There is a house up the road that has been sitting empty for over a year. Got curious and called the owner. It was thier first house 30 years ago and has been a rental house since then. They have filled for bakruptcy and she said that it won't be done till next year? They stopped paying the loan on the house and were just going to let it go to the bank. She said the last appraisel on it was $59 and to offer them something about there. She was going to call the attorney and ask about me buying it short sale, who was in charge of the house and that sort of stuff. I'm going to see if I can find the lean holders at the courthouse and how much they owe, but is it even worth doing. How does the owner not paying and being in bankruptcy affect this senerio?


----------



## cindy-e (Feb 14, 2008)

oh man. I typed up a very long answer and it got lost out in cyber space somewhere. we're doing it. it is a long process... 6 to 9 months. have an inspection to be sure you are getting a sound property. be sure you are getting a very good deal 'cause you will be locked into a contract all of that time. be patient. expect that it will have to go before the bankruptcy court. that is a normal part of it.

FWIW,
Cindyc.


----------



## PaulNKS (Jan 11, 2009)

I don't know about in a bankruptcy, but otherwise, the mortgage company has to agree to a short sale before the seller can do it. If the mortgage company doesn't agree to a short sale, the seller is out of luck and has to wait on foreclosure. With it in bankruptcy, I don't know how that gets handled. I would sure be interested to know.


----------



## Mironsfarm (Feb 3, 2011)

you would think with all the foreclosures happing the banks would jump all over it. i tried to short sell my house in florida for ten thousand less then what i owed and the guy had cash and the bank would not let me do it! so now i have foreclosed on it and gonna file bankruptcy next year. there lose not mine lol. try it you never know.


----------



## cindy-e (Feb 14, 2008)

also, don't just look at what is owed, look at assessed value. The house we are looking at, the guy owed WAY more than assessed value, but buying it for more than it is worth just wouldn't be smart. We offered assessed value because it is hard for the lien holder to argue in court that they should get more than that just because they were dumb and loaned more than that on it the first time. It's a fair deal for everybody. Hopefully the court will see it that way.

Cindyc.


----------



## MichelleFL (Jul 1, 2012)

cindy-e said:


> also, don't just look at what is owed, look at assessed value. The house we are looking at, the guy owed WAY more than assessed value, but buying it for more than it is worth just wouldn't be smart. We offered assessed value because it is hard for the lien holder to argue in court that they should get more than that just because they were dumb and loaned more than that on it the first time. It's a fair deal for everybody. Hopefully the court will see it that way.
> 
> Cindyc.


Unfortunately the Court has zero say in regards to short sales. Any short sale negotiations go on outside of the Court and the bank is under no obligation to agree to anything. I am a paralegal at a foreclosure firm. Lemon, what state are you in? I am assuming you are located in a state with a judicial foreclosure process and not non-judicial. I'm only work with judicial as that is how it is done here. Send me a PM if you want more help with getting info to decide if making an offer is worth while. I of course can not offer any legal advise as I'm not an attorney. But, I can give you plenty of good information about short sales and advise on working with the banks. (I work for the bank, not the homeowners)


----------



## MichelleFL (Jul 1, 2012)

Mironsfarm said:


> you would think with all the foreclosures happing the banks would jump all over it. i tried to short sell my house in florida for ten thousand less then what i owed and the guy had cash and the bank would not let me do it! so now i have foreclosed on it and gonna file bankruptcy next year. there lose not mine lol. try it you never know.

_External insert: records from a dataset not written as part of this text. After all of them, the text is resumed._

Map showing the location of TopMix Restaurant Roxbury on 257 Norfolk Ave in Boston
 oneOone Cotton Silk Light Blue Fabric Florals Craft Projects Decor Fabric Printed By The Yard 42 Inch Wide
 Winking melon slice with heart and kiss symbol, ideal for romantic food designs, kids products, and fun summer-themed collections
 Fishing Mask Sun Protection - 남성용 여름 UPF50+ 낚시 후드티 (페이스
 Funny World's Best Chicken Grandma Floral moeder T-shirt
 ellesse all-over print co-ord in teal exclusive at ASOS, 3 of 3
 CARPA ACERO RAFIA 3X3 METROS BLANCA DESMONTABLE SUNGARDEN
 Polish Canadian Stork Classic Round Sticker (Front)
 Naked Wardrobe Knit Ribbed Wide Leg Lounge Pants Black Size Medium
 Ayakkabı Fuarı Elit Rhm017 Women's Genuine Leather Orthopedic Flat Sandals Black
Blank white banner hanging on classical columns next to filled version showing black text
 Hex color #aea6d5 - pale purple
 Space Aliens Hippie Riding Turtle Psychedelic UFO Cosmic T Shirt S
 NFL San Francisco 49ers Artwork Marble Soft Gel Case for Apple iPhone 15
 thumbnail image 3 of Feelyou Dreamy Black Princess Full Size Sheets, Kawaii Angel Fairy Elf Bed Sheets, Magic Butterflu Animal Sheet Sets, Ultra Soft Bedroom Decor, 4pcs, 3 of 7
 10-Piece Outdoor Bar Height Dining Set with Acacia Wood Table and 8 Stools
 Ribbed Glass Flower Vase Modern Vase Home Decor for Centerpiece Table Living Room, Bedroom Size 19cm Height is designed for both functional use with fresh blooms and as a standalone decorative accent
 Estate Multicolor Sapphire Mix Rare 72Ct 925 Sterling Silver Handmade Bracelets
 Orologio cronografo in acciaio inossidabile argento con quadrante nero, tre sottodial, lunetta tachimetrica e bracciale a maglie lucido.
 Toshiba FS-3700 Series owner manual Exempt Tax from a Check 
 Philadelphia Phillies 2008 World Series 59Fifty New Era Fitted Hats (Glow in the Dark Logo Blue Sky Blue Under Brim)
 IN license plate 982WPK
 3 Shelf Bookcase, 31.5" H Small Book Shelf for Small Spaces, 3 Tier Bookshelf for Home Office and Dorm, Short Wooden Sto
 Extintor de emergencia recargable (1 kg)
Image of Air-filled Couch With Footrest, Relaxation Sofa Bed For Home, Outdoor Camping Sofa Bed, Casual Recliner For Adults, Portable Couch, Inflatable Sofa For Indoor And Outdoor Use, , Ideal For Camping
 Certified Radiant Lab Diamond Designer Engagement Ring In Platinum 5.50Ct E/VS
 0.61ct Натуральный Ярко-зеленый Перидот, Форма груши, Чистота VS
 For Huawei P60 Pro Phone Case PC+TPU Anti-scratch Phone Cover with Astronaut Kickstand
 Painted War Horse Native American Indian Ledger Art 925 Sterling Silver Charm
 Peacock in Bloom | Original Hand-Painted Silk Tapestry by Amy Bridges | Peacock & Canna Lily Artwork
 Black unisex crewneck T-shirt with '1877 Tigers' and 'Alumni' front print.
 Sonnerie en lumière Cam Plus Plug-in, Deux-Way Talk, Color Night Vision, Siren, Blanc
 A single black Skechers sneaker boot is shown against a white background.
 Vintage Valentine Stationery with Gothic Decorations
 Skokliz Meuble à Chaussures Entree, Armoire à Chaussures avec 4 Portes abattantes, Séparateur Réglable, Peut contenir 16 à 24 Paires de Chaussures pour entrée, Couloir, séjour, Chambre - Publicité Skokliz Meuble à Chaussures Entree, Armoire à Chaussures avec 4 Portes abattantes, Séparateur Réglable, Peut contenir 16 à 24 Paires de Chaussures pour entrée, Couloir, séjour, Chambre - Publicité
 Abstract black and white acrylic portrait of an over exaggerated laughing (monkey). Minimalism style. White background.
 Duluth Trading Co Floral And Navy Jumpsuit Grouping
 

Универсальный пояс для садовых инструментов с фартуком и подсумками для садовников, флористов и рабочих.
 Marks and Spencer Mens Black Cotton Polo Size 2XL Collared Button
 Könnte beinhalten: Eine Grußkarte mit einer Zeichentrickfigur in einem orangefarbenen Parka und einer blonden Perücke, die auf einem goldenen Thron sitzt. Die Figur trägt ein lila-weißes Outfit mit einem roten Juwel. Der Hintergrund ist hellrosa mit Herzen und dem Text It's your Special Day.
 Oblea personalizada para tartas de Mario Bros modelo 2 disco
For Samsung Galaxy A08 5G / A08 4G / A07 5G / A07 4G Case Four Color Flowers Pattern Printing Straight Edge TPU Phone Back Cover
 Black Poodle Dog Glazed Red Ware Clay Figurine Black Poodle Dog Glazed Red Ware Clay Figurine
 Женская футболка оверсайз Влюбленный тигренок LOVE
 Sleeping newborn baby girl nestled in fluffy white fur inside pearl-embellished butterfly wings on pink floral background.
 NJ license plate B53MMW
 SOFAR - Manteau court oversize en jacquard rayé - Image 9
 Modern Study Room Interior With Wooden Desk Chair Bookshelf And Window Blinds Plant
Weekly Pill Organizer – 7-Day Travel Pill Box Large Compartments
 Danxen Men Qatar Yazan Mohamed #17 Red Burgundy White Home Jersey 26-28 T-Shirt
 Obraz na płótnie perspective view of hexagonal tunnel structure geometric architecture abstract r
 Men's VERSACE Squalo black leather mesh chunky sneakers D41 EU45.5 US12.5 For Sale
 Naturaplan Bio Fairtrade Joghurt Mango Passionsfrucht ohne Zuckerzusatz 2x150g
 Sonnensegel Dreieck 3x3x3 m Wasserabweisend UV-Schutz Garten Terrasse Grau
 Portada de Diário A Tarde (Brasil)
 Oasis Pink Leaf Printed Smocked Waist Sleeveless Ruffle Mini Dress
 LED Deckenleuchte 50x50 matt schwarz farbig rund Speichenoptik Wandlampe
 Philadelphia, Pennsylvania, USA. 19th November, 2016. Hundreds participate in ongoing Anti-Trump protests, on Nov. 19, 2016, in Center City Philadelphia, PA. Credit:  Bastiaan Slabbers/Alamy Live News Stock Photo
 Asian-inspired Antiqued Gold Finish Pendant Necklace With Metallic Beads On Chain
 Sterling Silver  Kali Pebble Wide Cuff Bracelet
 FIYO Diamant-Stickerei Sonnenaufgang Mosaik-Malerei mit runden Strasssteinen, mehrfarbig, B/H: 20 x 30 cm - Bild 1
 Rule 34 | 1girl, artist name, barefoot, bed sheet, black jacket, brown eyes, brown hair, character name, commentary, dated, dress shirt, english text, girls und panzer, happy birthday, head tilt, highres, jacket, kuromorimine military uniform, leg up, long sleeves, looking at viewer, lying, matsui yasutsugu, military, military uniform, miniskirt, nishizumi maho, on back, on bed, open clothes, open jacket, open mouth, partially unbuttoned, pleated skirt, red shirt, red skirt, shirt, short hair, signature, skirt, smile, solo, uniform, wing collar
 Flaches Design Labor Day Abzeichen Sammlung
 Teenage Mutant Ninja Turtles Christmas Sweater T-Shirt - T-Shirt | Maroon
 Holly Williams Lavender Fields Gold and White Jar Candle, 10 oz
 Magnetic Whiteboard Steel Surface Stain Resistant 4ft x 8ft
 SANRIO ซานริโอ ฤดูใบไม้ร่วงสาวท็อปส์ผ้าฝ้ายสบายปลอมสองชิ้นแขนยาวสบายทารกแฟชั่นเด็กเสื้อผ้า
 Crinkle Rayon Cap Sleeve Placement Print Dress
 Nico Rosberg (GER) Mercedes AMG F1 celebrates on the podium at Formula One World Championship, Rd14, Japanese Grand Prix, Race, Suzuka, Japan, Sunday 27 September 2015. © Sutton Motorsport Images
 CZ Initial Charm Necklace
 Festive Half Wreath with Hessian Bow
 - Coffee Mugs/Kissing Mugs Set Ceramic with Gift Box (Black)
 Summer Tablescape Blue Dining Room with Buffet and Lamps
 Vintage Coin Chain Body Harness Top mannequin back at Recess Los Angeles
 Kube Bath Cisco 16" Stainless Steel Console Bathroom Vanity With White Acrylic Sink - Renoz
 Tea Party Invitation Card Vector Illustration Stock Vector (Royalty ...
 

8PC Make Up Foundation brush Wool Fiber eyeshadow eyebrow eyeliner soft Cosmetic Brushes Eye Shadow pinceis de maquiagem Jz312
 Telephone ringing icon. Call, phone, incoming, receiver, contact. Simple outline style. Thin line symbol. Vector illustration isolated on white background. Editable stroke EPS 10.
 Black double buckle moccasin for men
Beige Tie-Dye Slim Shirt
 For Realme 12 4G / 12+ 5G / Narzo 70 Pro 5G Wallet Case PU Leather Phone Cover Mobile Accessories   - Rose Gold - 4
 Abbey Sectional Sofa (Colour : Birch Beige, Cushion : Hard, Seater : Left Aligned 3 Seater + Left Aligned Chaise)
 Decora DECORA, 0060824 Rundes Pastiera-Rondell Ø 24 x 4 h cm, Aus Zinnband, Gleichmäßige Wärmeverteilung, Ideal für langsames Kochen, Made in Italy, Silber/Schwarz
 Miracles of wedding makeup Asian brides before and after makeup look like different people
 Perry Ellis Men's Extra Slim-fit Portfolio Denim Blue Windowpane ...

Yes, I totally agree. It is in the banks' best interest to go through with a short sale. The bank knows it too. Unfortunately they are too cheap/stupid to hire enough English speaking and US citizen employees to process all the short sale and loan modification requests. Most of the time you are working with some offshore moron who has no idea what they are talking about. It takes a lot of work to get connected with a useful employee at the bank. 

If the banks would hire Americans, more of the people who lended from them would have jobs and be able to afford their mortgage in the first place. It is a sad situation.


----------



## mekasmom (Jan 19, 2010)

You would probably get a better deal if you got it from the bank instead of the owner. The bank is just looking to get back it's losses or close to them instead of looking for a profit or the appraised value.


----------



## plowjockey (Aug 18, 2008)

We just purchased a short sale home, 60 days offer to close ( a miracle).

I suggest working with a real estate BUYER agent familiar with short sales.

the bank may "OK" the short sale, but they likely don't hold the mortgage, so the "investor" (Fannie Mae Freddie mac- or somebody else) has the final approval.


----------



## rickfrosty (Jun 19, 2008)

Mironsfarm said:


> you would think with all the foreclosures happing the banks would jump all over it. i tried to short sell my house in florida for ten thousand less then what i owed and the guy had cash and the bank would not let me do it! so now i have foreclosed on it and gonna file bankruptcy next year. there lose not mine lol. try it you never know.


Ah, you are perhaps thinking that banks operate under rules of common sense - look at the state of our nation & think again.
Just a response to the general thread, by the way .
I'm a realtor & I'll tell you that if you are not a patient person, get upset over craziness, you may not want to try a shortsale or to try to buy (REO) bank-owned property - BUT - I guess you could get lucky & run across a rational bank. There ARE some wicked-good deals ??!


----------



## edcopp (Oct 9, 2004)

In this case just ask the owner (who is filing BR) for a key to the house so you can go and look at it. Once you have a key just move in. Let the lawyers and clerks, and clucks, etc. etc. drag their feet all they want to. 

When all is said and done you will have lived free for a year or so. Remember you do have the key. You would be protecting the property from damage by just staying there (no charge for that service).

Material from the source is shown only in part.